[What you are asked to do] Would you retype exactly the lines below, starting with the one that has "Z Scale (1:220)" and going on through the one that has "Le roi Felipe", with no pictures and nothing else?

[Short descriptive text snippets]
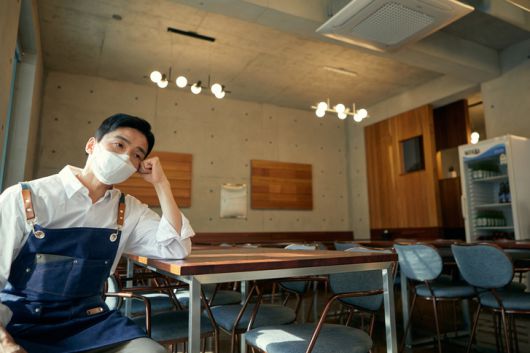 경기 침체로 인건비 부담이 커지자 자영업자들이 직원 수를 줄이는 추세다. [게티이미지뱅크]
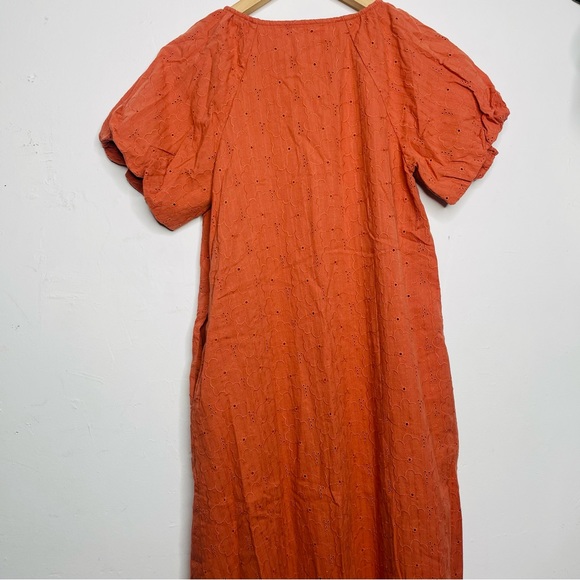 MADEWELL Embroidered Eyelet Bubble-Sleeve Button-Front Midi Dress - Picture 6 of 12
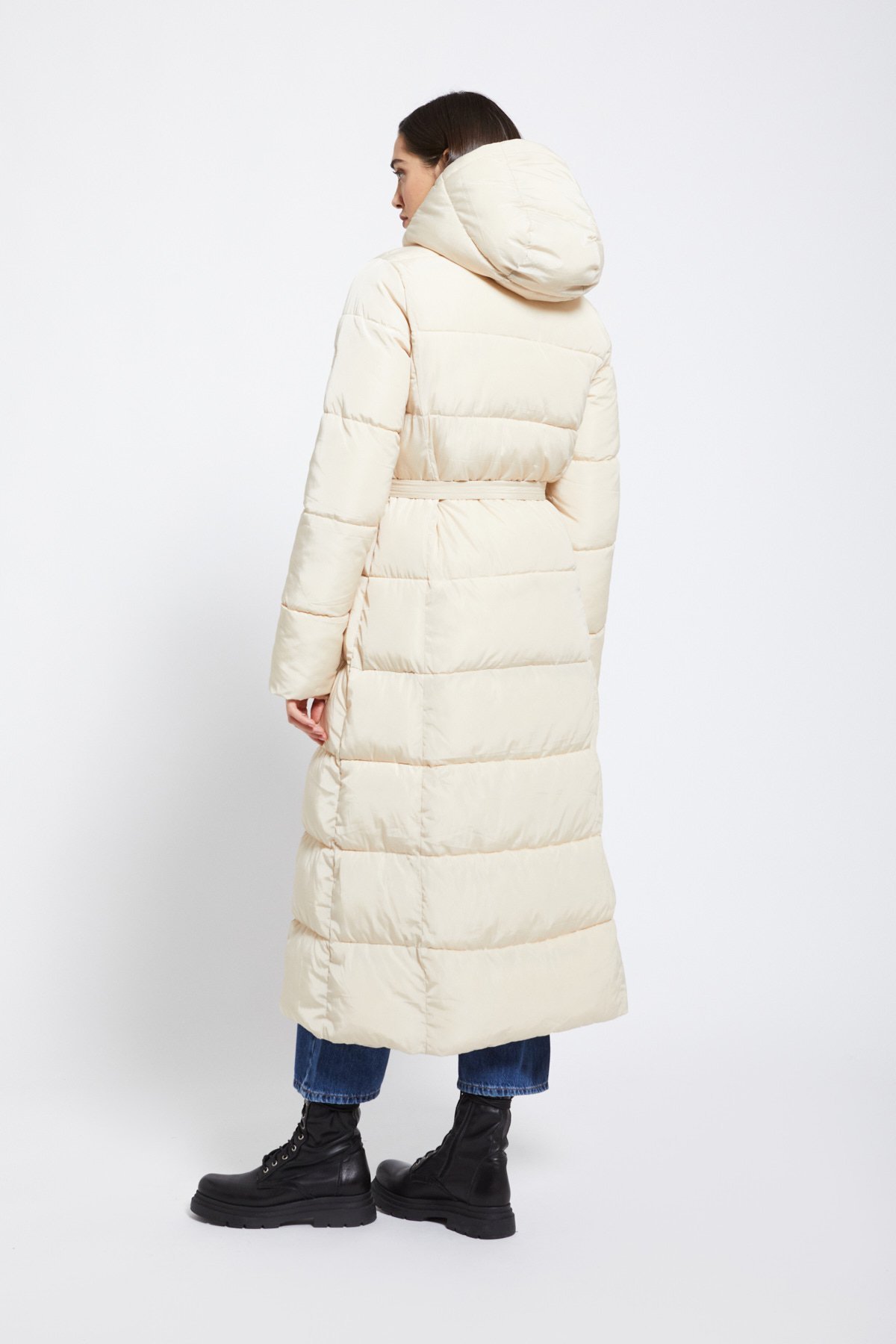 OTTOD'AME Пуховик длины макси из нейлона оттенка экрю с объемным капюшоном с отделкой из эко-меха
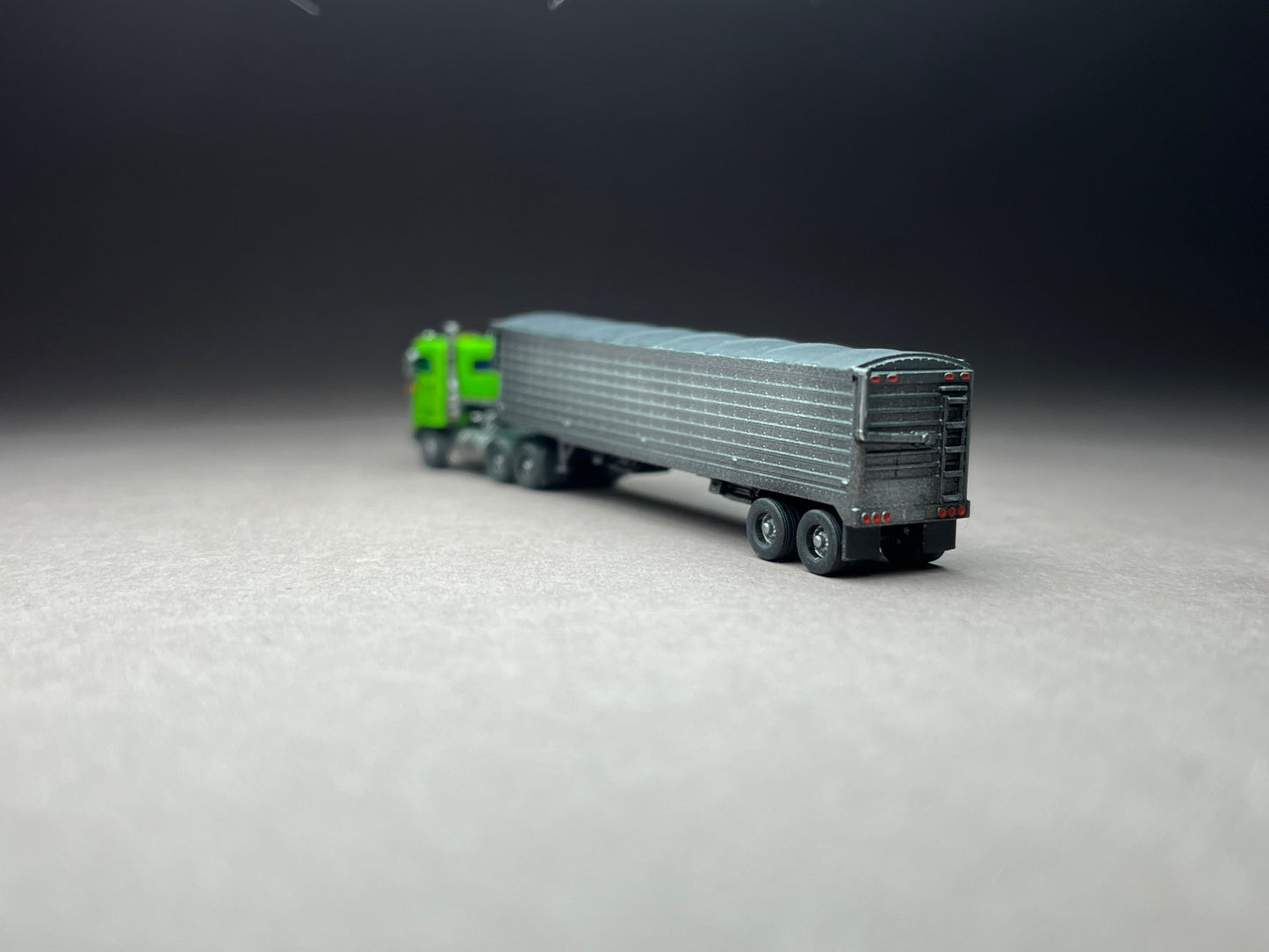 Z Scale (1:220) UNPAINTED One (1) Grain Trailer (Truck old separately) - NOT a toy!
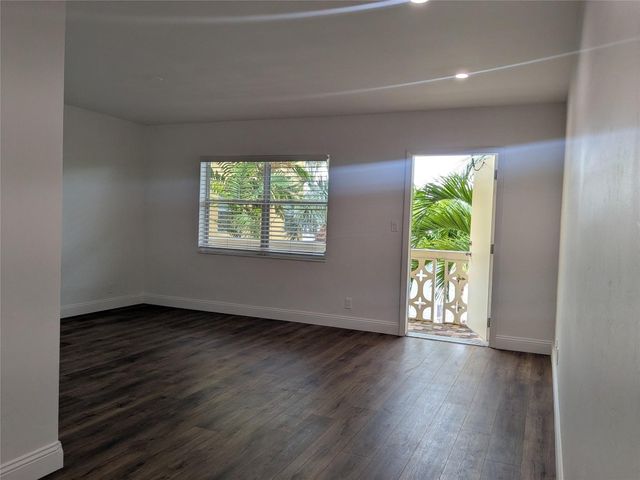 815 Middle River Drive 215, Fort Lauderdale, FL 33304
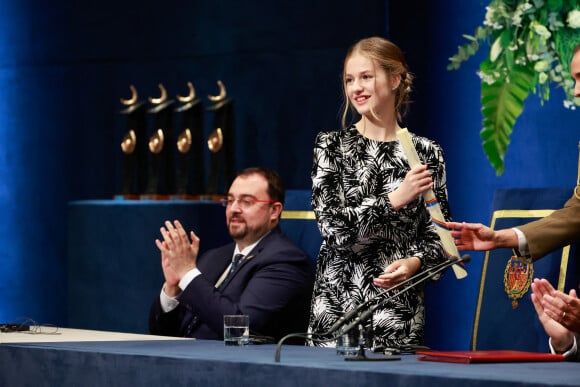 Le roi Felipe VI, la reine Letizia, les princesse Leonor et Sofia et L'infante Sofia d'Espagne reçoivent les lauréats du 30ème Prix Princesse des Asturies à l'hôtel Reconquista à Oviedo, Espagne 
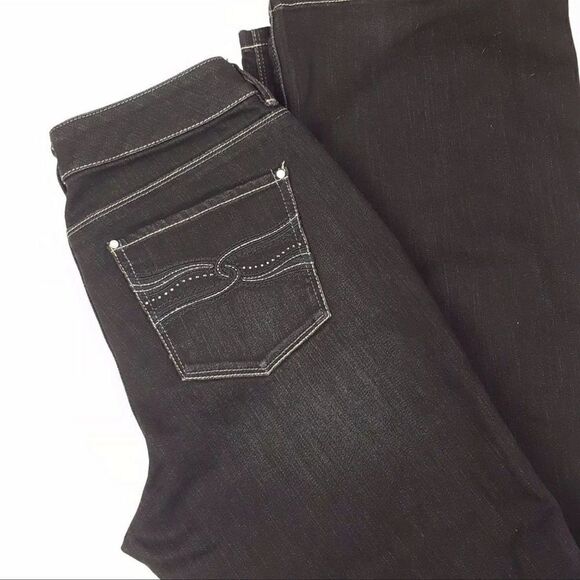 WHBM Size 4R Contour Flare Leg Black Wash Denim Jeans Embellished Bling Pockets - Picture 3 of 9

[Response to the task]
 Z Scale (1:220) UNPAINTED One (1) Grain Trailer (Truck old separately) - NOT a toy!
 815 Middle River Drive 215, Fort Lauderdale, FL 33304
 Le roi Felipe VI, la reine Letizia, les princesse Leonor et Sofia et L'infante Sofia d'Espagne reçoivent les lauréats du 30ème Prix Princesse des Asturies à l'hôtel Reconquista à Oviedo, Espagne 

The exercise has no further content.